En todas las vidas o en proyectos de adulto, hay siempre un verano que es el verano. No tiene por qué ser el más feliz. Puede ser, tan solo, esa vuelta a casa cegados por el sol, cargados de sal del mar. Verano era, también, las sandalias que te compraban y que acababas destrozando y se volvían increíblemente menguantes en aquellos tres meses. Veranos eran el tiempo inacabable, la salvaje libertad de bicicletas y nuevas pandillas, el polo de limón que hacía que te doliese la cabeza cuando querías comértelo muy rápido para saber si traía premio el palito, los tebeos y todo lo demás. Un verano en el 42, otro del amor en el 67, otro que tú y yo no tuvimos. Pero esa, y esta vez es verdad, es otra historia.
Hay un verano, ese verano, en el que, sin avisar y siguiendo una rueda establecida, tienes un cuerpo. Y empiezas a querer llevar siempre una camiseta larguísima que proteja todas esas novedades que apabullan, sorprenden y ves como ajenas en ti. Un verano en el que los vestidos bordados de nido de abeja te dan vergüenza. Y no sabes si vas a quedarte en ese limbo extraño o avanzar. O retroceder.
El verano de Los peces no cierran los ojos es ese momento distinto. Cuando la empatía por el dolor ajeno te lleva a esconderte y llorar, cuando te sabes diferente porque ya quieres estar en otra fase.. Cuando conoces el sabor de lo inevitable, las trágicas premoniciones, los callos en las manos de tanto asir las redes. Y, también, de aprender a pescar.
«La infancia acaba oficialmente cuando se añade el primer cero a los años. Acaba pero no ocurre nada, uno se queda dentro del mismo cuerpo de crío atascado de los demás veranos, revuelto por dentro e inmóvil por fuera»
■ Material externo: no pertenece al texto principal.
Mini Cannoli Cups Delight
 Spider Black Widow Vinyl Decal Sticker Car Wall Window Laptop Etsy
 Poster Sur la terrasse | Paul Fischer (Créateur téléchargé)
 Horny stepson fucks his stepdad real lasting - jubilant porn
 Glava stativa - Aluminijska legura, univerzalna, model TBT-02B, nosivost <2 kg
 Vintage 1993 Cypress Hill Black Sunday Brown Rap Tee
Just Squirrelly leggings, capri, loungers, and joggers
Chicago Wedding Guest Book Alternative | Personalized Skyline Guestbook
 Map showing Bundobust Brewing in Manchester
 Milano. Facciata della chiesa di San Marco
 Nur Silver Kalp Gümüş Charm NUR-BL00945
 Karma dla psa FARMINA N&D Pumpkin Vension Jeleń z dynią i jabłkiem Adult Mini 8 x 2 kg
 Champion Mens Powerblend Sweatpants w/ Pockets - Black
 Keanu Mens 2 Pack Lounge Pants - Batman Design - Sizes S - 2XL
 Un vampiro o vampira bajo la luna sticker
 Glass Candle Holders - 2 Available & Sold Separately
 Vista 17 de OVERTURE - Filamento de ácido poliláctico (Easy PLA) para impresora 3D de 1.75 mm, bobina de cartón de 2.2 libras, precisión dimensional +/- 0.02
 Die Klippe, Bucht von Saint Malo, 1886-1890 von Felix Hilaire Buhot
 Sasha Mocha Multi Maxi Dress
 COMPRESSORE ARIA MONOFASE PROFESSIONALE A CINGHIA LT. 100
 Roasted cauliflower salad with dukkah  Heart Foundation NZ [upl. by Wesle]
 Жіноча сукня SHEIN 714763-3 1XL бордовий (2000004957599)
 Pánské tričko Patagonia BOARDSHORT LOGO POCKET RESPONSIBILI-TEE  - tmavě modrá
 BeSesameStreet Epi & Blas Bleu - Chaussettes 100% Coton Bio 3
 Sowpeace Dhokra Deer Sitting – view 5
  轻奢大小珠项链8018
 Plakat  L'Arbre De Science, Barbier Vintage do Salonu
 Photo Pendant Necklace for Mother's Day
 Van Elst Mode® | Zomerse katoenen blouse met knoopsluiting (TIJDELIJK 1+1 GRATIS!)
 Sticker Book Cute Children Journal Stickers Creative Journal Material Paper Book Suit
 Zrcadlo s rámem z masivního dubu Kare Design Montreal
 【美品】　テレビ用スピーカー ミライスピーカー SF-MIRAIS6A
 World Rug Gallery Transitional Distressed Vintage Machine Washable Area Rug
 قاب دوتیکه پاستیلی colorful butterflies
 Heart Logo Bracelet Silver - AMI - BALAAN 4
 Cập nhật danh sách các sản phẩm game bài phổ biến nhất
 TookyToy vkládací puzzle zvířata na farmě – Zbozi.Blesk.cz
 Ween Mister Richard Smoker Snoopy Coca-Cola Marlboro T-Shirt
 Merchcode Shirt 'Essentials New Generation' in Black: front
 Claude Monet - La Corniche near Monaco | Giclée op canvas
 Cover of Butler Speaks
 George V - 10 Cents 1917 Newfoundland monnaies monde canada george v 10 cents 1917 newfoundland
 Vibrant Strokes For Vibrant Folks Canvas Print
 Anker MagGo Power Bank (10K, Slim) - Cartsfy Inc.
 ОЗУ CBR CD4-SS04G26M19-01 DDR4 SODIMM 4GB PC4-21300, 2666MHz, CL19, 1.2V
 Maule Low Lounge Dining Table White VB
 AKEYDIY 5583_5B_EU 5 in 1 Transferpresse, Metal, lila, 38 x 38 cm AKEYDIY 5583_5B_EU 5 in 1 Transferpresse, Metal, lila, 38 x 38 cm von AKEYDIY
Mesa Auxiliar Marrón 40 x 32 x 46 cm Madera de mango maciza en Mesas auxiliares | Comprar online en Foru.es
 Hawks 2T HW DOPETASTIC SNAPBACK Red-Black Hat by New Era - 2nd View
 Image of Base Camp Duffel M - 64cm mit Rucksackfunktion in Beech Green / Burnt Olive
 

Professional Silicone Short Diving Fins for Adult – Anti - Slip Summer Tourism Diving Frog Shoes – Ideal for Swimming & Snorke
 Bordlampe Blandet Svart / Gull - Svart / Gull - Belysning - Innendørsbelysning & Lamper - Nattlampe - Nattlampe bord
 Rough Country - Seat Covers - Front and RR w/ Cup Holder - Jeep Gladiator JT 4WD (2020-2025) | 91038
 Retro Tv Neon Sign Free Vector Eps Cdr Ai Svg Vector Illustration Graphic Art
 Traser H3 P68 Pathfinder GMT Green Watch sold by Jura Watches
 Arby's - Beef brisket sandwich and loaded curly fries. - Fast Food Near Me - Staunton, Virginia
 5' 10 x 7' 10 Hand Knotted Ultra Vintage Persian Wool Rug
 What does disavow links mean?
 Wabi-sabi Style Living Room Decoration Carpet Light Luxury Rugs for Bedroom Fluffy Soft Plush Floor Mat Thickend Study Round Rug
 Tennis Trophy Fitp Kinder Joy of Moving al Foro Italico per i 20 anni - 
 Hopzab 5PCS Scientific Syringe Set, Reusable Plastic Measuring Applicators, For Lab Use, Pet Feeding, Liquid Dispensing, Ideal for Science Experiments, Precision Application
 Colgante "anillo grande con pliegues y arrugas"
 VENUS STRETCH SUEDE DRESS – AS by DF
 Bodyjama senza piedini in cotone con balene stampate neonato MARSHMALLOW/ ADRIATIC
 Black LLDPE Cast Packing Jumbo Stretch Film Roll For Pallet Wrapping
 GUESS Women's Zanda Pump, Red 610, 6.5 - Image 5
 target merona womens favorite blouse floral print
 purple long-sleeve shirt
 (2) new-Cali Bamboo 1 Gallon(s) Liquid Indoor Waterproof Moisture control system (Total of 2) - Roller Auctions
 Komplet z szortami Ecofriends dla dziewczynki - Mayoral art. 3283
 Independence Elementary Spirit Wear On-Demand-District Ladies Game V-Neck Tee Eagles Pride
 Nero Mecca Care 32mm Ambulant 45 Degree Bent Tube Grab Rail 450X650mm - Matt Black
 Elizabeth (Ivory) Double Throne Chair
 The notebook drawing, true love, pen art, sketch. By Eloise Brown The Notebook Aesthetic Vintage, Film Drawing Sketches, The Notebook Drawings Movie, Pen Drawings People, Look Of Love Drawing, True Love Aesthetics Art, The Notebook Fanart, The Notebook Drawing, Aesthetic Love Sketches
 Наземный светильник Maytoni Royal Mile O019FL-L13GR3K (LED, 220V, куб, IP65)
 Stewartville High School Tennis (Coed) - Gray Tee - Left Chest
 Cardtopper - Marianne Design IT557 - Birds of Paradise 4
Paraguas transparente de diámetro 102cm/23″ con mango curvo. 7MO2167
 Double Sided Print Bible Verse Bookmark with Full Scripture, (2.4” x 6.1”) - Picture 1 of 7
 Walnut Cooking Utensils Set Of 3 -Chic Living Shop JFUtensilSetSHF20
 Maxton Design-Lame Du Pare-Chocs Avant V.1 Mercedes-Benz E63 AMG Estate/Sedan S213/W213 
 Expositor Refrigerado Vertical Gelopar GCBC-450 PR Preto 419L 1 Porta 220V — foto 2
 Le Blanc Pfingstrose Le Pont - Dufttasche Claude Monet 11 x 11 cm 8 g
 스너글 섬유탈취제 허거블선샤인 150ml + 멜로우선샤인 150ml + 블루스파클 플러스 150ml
Ese verano de ausencias y de necesaria soledad, de madre napolitana y beso de ojos abiertos, no enmarca un aprendizaje. Es mucho más. Es adivinar la aventura americana del padre y dibujar el contorno de una pareja . Para valorar, desde otra atalaya del tiempo, muchos años más tarde, todo aquel amor, aquella literatura que se aprende a amar, aquel cine «de artesanos excelentes», que conformarán el que adivinamos como un adulto grave, asentado en una digna soledad. No se aprende en un verano, ni en dos, ni en veinticinco, todo se va haciendo sobre la marcha. Lo que sí se construye es el recuerdo para poder intentar entender a los hombres y mujeres que ahora somos. Ese hombre ya adulto que habla del cine como un instante fulminado, que reconoce esas referencias de fábricas, luces y obreros como un paisaje natural de un tiempo de construcción. Es esta una novela de idas y vueltas, de regresos esperados y lapidarios inicios. De prosa conmovedora y deslumbrante, tan cegadora a veces como las paredes blancas de los pueblos desconocidos de los veranos sin vivir.
Dice el protagonista que nacer en Nápoles agota el destino. Puede que el destino sea nada más que una pintada en un muro. O una patria lejana, no lo sé. Lo que sí es cierto es que la literatura es un buen pasaporte. Y un casco protector.